Which way will Huppert Go?

For a time last year, the Conservatives in Cambridge were suffering one of their periodic bouts of collective lunacy, and found themselves without a parliamentary candidate. As a result, I was asked to step in to represent City Conservatives at a debate organised by the National Union of Students on the subject of student finance. I had the good fortune to be well briefed by Nick Hillman, who was working at the time for the Conservative shadow minister responsible for universities, David Willetts, and who went on to become the Conservative parliamentary candidate in Cambridge at the general election.

At the time, the Conservative policy was to wait for the outcome of the Browne report, ruling nothing in or out. Who knows if the party had already resigned themselves to increasing tuition fees - what was clear at the time to anyone listening is that the Conservatives weren't ruling out this eventuality. I argued strongly to Nick Hillman at the time that electorally this was unhelpful - suicidal perhaps a better word in a seat like Cambridge with maybe 10,000 or more student voters on the electoral role. It was however honest - the Conservatives knew they might be in power, and knew that whilst in power, they might reach the conclusion that supporting increases in tuition fees was the right thing to do.

There are actually some really good arguments why universities should be allowed to increase tuition fees - particularly for an absolutely top tier in global terms university like Cambridge University. Higher education is expensive - without additional funding from fees, Cambridge could lose that position, to the whole country's detriment. Without more funding generally, the expansion in higher education would grind to a halt - the budget deficit amplifies this problem, its not the ultimate cause of it - just because something like higher education is a good thing, does not make it sensible for governments to fund it with a blank cheque at no cost to those benefiting. People tend to value things more when they have to pay for them - they will look at the costs of attending university and the benefits to them personally. They may then decide university isn't for them, which may be a much better mechanism for determining how far to expand higher education takeup than some arbitrary target like 50% of school leavers. Students paying more for a course may work harder and try to get more out of it, and demand higher standards from their university - all good things. Finally - is it fair that some people should get a free University education that will benefit them personally to a great extent later. But there is also some very good reasons why high fees might be a bad thing - like if it disproportionately dissauded talented students from poor backgrounds from going to University. I don't know the right answer to the fees question - I just hope that any decision to support unlimited fees is backed by support for students from less well off families, and robust evidence that they won't put off such people to a great extent.

There had been a debate going on last year in the Lib Dems between the realists who at least didn't rule out tuition fees at the present level, and the fantasists who thought fees could just be abolished without consequence - perhaps under the misapprehension that they would never be called on to test such a policy.

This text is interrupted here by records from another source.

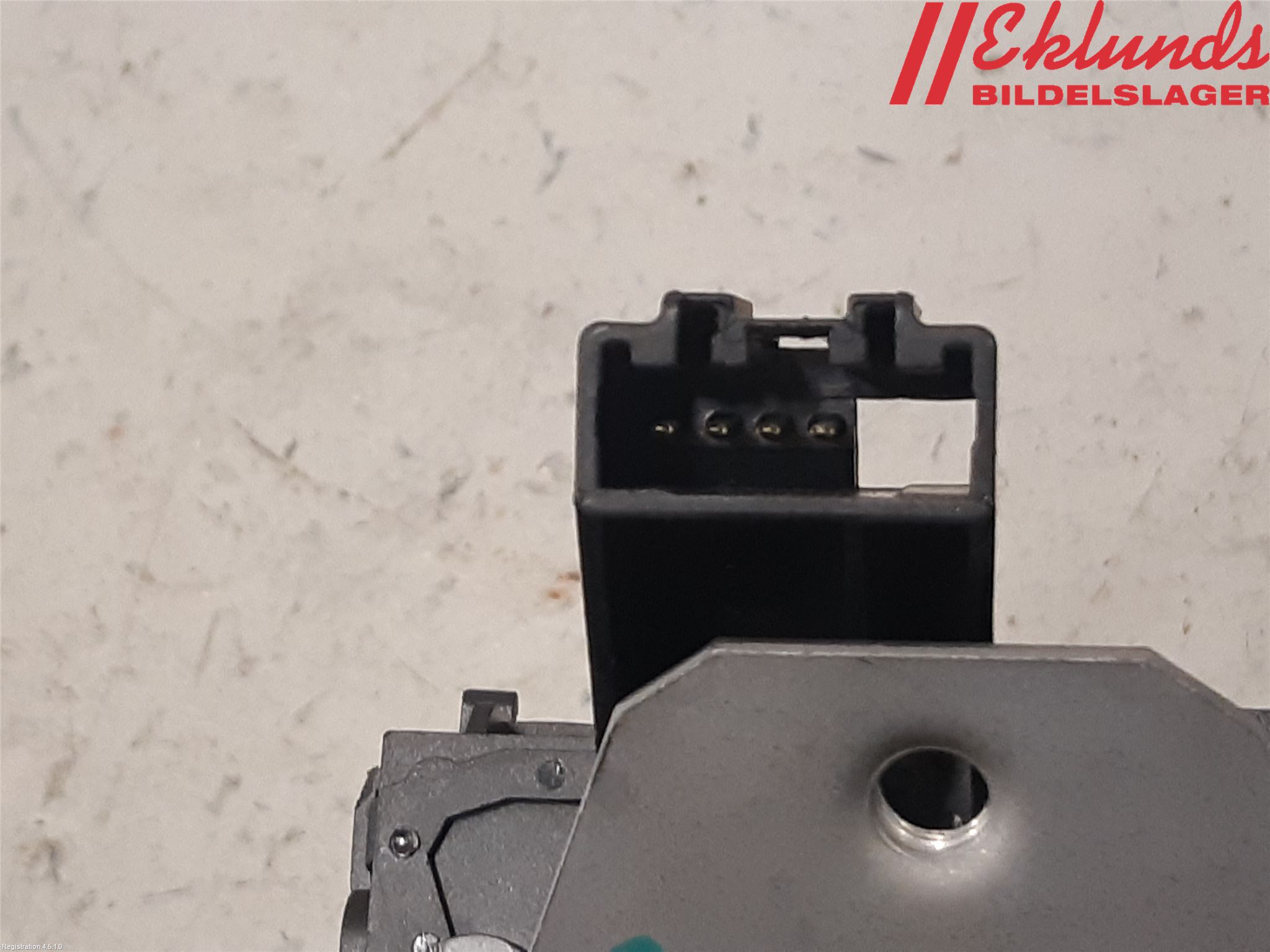 Ford KUGA 08-12 Låskista Baklucka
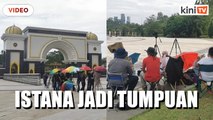 Media berkumpul luar Istana, tunggu PM mengadap Agong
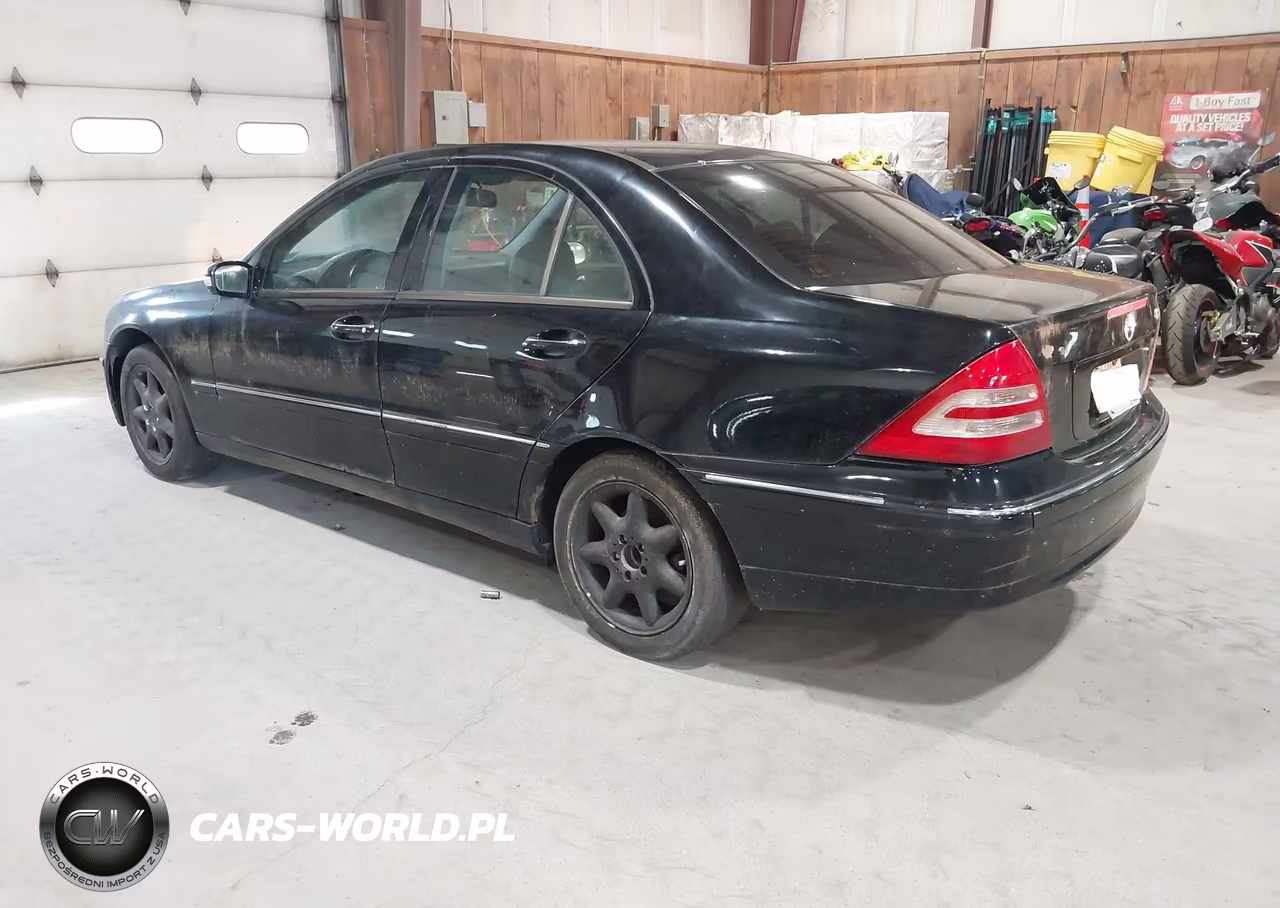 2004 Mercedes-Benz C 240 4Matic VIN:WDBRF81J74F517602 - 3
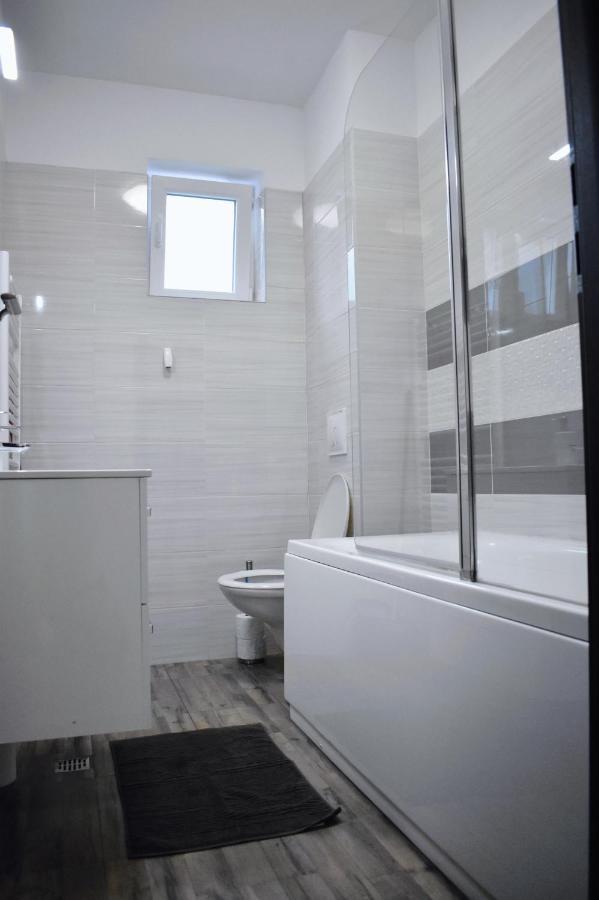 Etalon Airport Apartments Отопени Екстериор снимка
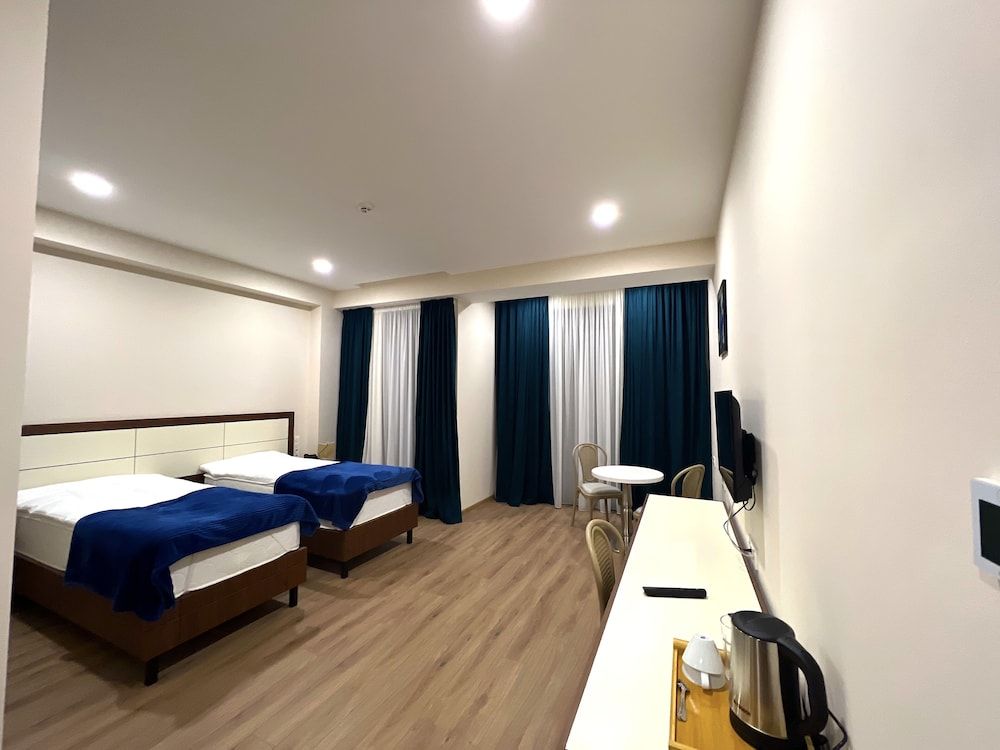Twin Room, 2 Twin Beds, City View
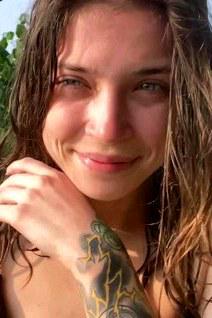 Flipped Chat AI – Csevegés Veronika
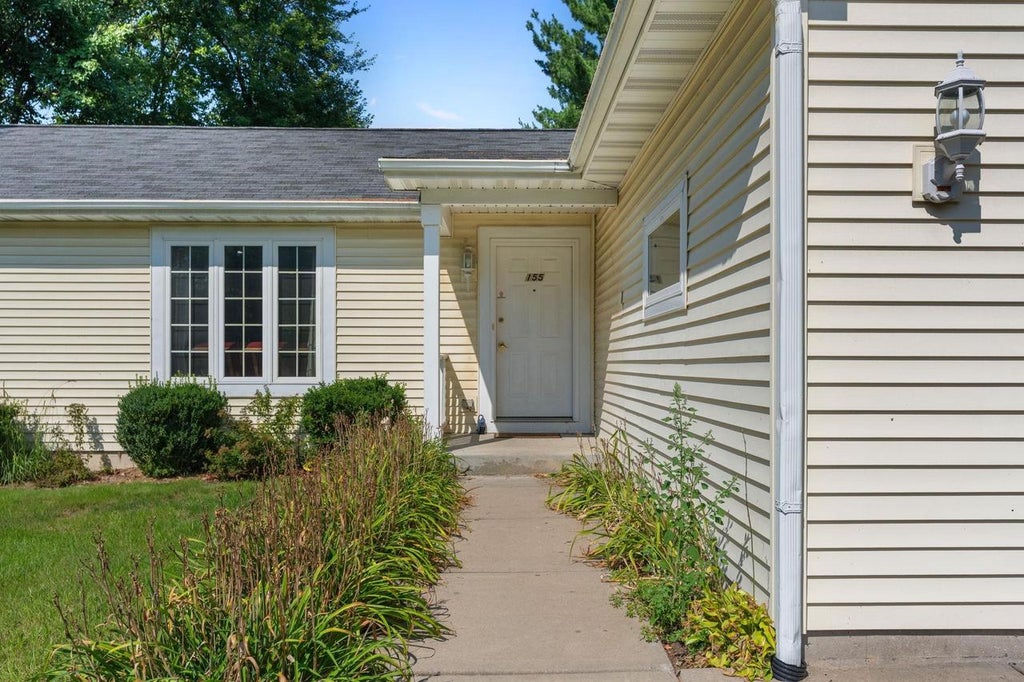 Photo of 155 Arbor DRIVE, Wisconsin Dells, WI 53965 (MLS # 2032337)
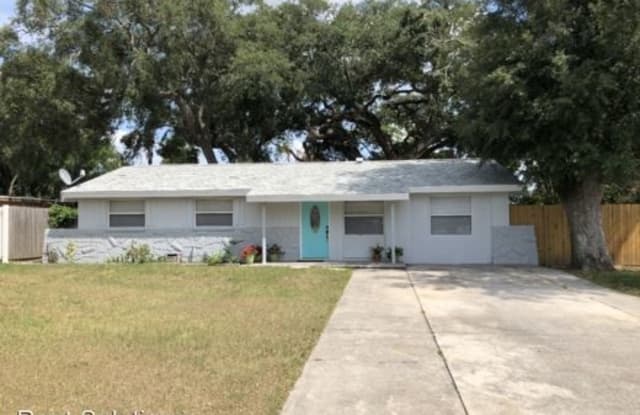 6721 Forrestvale Lane - 6721 Forrestvale Ln, Town 'n' Country, FL 33634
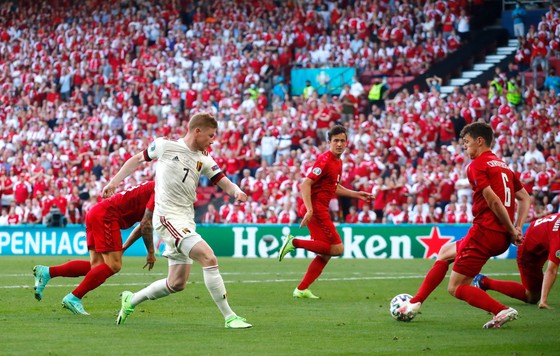 Đan Mạch – Bỉ 1-2, Quỷ đỏ ngược dòng khi Hazard và De Bruyne xuất trận ảnh 3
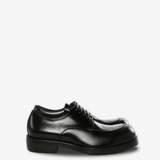 Black shoes, front view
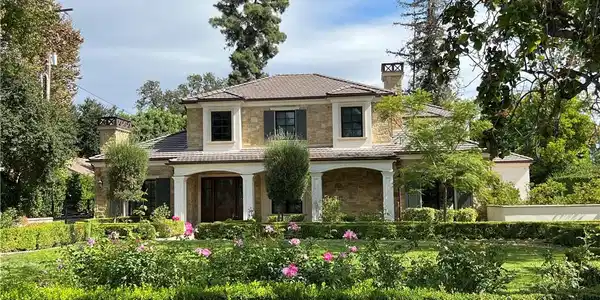65 Woodland Lane
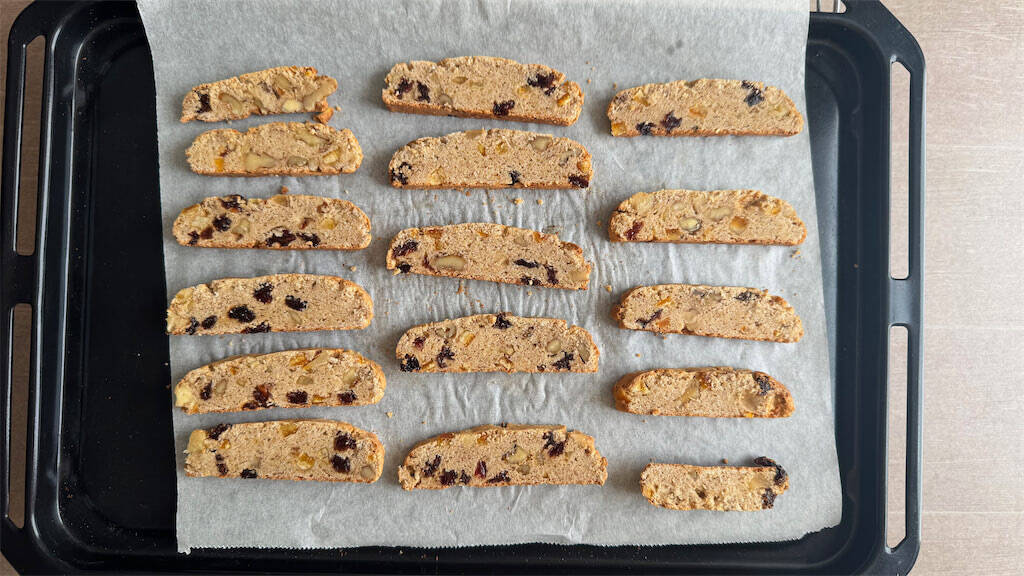 【シュトーレン風】フルーツとスパイスたっぷり「米粉のビスコッティ」でクリスマス準備♡【元パティシエ直伝】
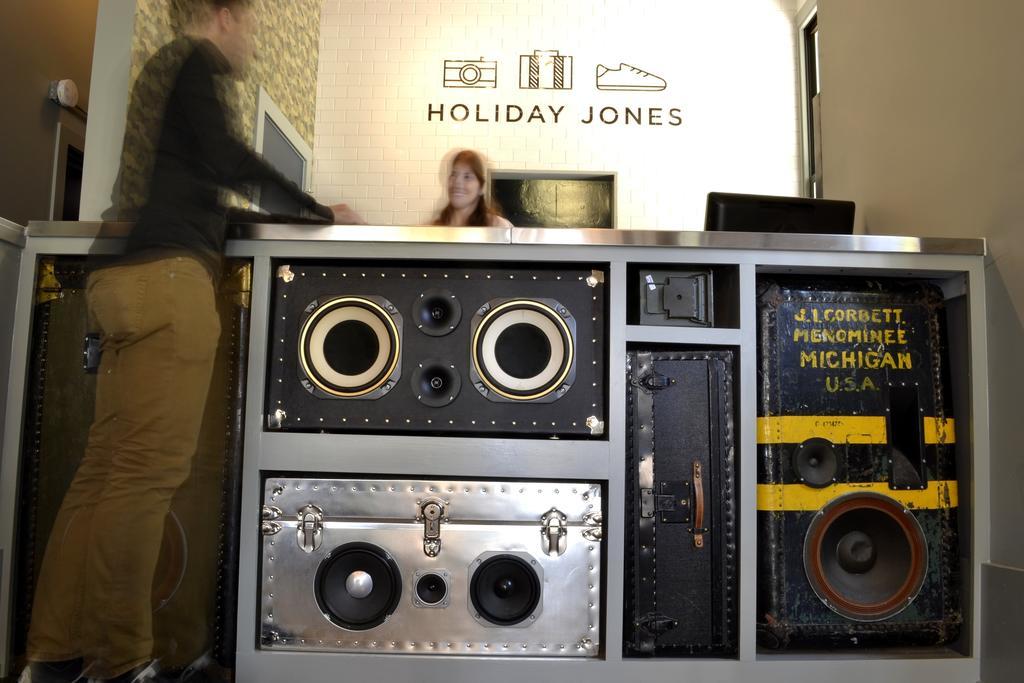 Holiday Jones Hostel Chicago Ngoại thất bức ảnh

At the time of the NUS debate, the fantasists in the Lib Dems were firmly in control. They too were selecting a parliamentary candidate - so a student Lib Dem defended their corner - and told the assembled audience in no uncertain terms that the Lib Dems would abolish tuition fees, and they had a plan for how they would do this. This is pretty much the manifesto that Julian Huppert went to the student population of Cambridge with last May.

The Browne report is now out - and recommending Universities should be able to charge much higher fees. This has put the Lib Dems into a bit of a dilemma - should they support the Coallition they are part of, should they abstain and allow the plans to pass, or vote against, potentially risking the downfall of the whole government.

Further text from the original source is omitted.